# MTD Gear adjustments



## chevy2000

I have an MTD Pro snow blower that is a real pain in my a??. I have tried numerous times to adjust the gearing on this. R2 is like R1, 1st is R1, 2nd is like 4th. What I am asking is how in the heck do I get everything adjusted so when I set the right gear that is what it is going to be. I have taken the drive train apart and greased the hexagon shaft, cleaned the friction plate. The serial number for my snow blower is 31AH65FH795. If anyone has worked on this type of machine please help. Thank you.


----------



## db9938

This is due to the gear/speed selector being mis-adjusted. You will have to turn the machine back up onto the service position, and remove bottom plate. From this point you should see an aluminum plate, with a rubber rimmed wheel that slides on the axle. The sliding action, is actually the speed selection. The further from the center, the faster the axle spins. 
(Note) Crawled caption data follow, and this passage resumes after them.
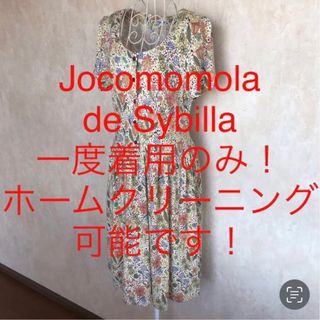 ホコモモラ(Jocomomola)の★Jocomomola de Sybilla/ホコモモラ★半袖ワンピース40.M(ひざ丈ワンピース)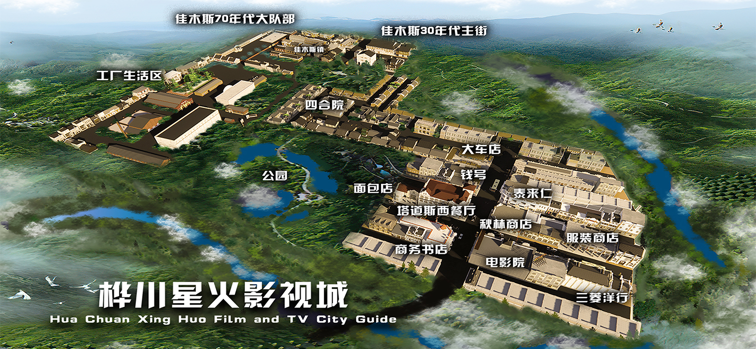 桦川：《我叫赵出息》开播爆火带动影视产业新活力(图3)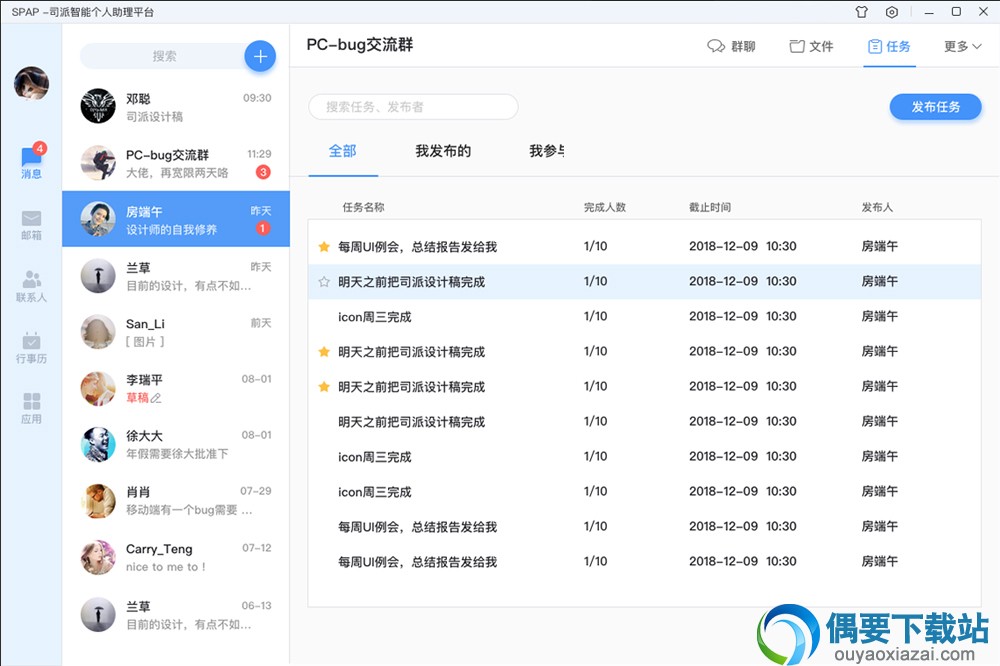 司派软件截图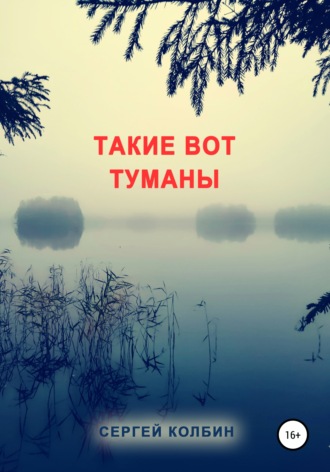 Такие вот туманы. Сергей Борисович Колбин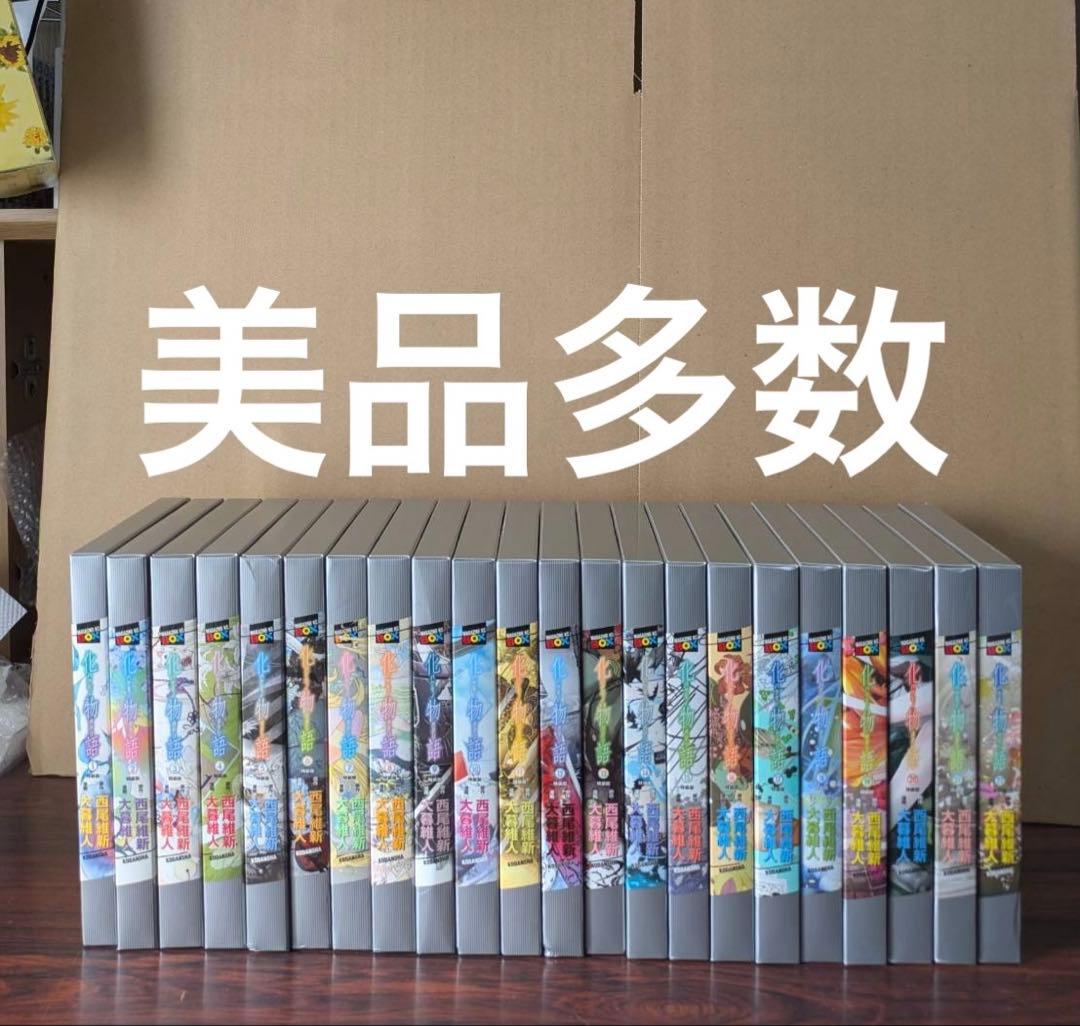 美品多数　化物語　特装版　1〜22巻 化物語 全22巻 特装版多数 西尾維新 大暮維人 全巻セット 漫画 物語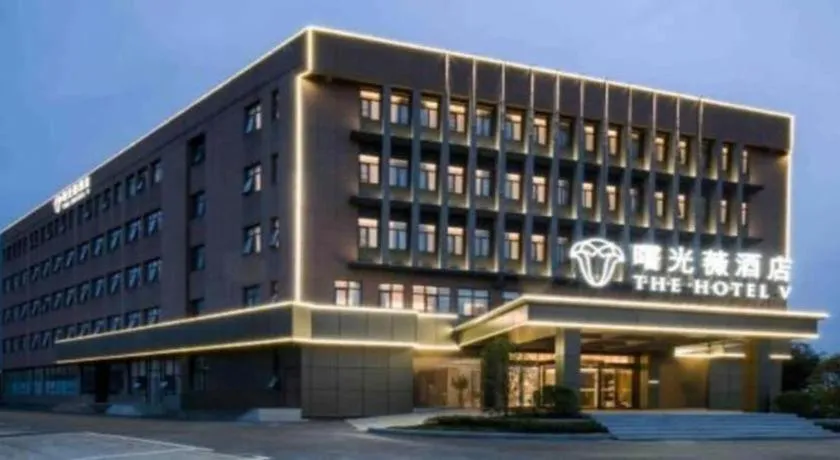 The Hotel V Nanjing Lishui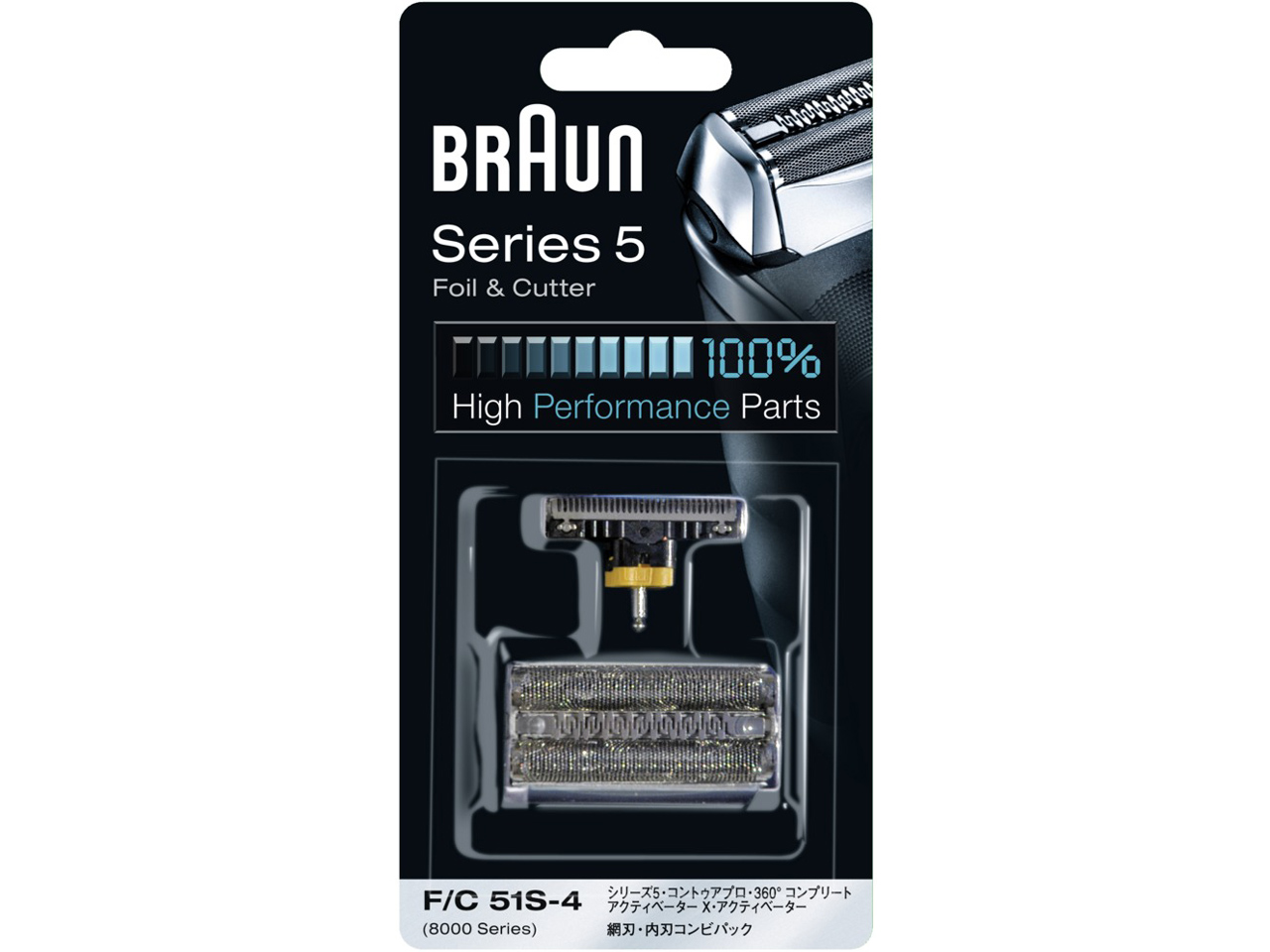 F/C51S-4 �̐��i�摜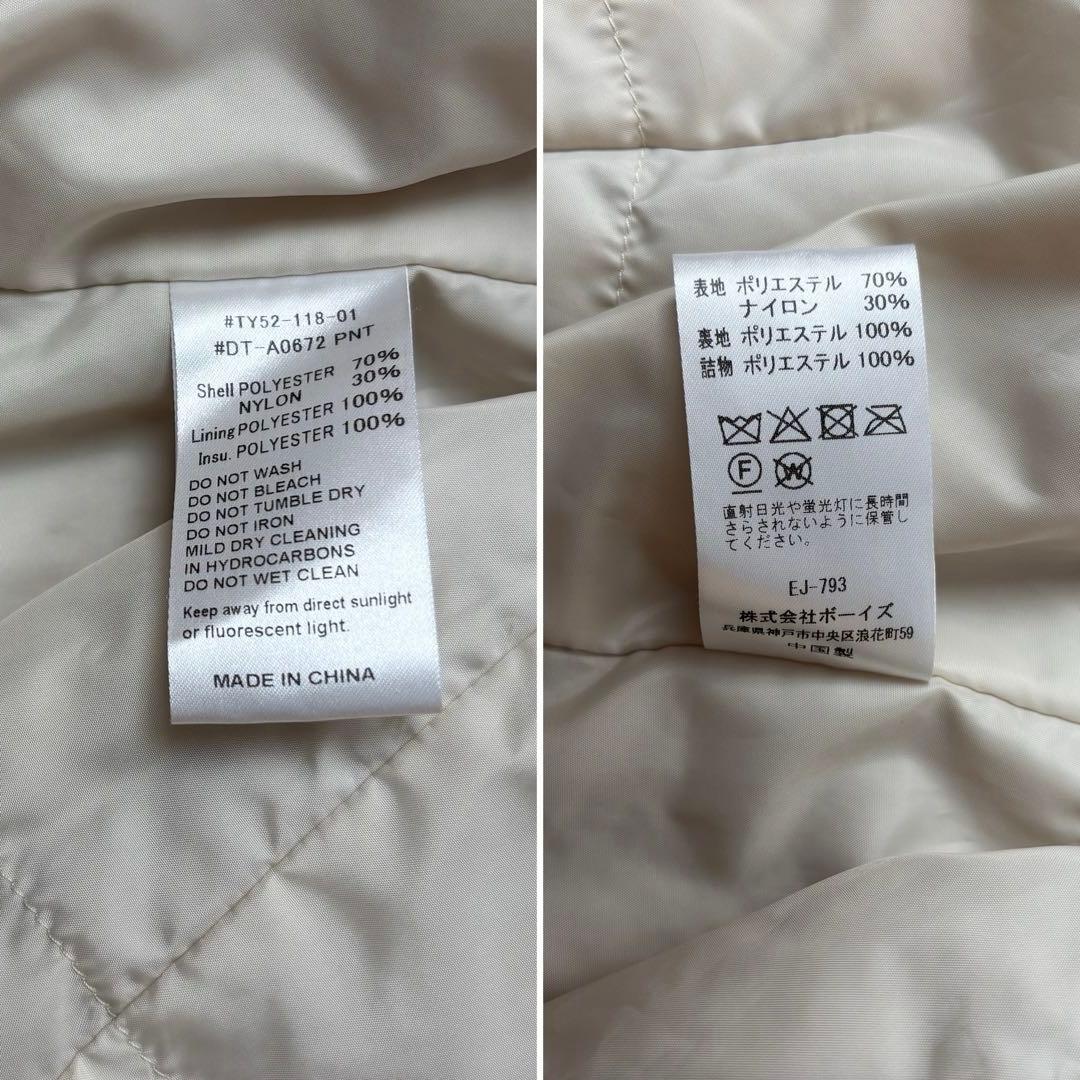 ダントン　インサレーション カラーレスワイドジャケット　中綿　現行モデル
I don't remember right off the top of my head which side, but it's either to the left or right of the center, is your forward, and the opposite for reverse. Put the machine in the top speed, and adjust the cable so that rubber friction wheel is moved out to almost touch the axle stop. 

You can verify this by rotating the aluminum disk by hand. Please disconnect the spark plug before putting you hands in there.


----------



## amnotpm

I have a Ryobi 31ae6q0f034e model similar to yours I believe. To adjust the shift rod correctly per the manual follow these steps. 1- remove the hairpin clip and washer from the shift handle under the handle panel. 2- place the shift lever into the 6th or highest forward speed position. 3- push the shift up assembly down as far as it will go. 4- rotate the ferrule up or down on the shift rod until the ferrule lines up with the upper hole in the shift lever. 5- insert the ferrule into the upper hole in the shift lever. 6- reinstall the hairpin clip and the washer. Let me know if this helps. good luck.


----------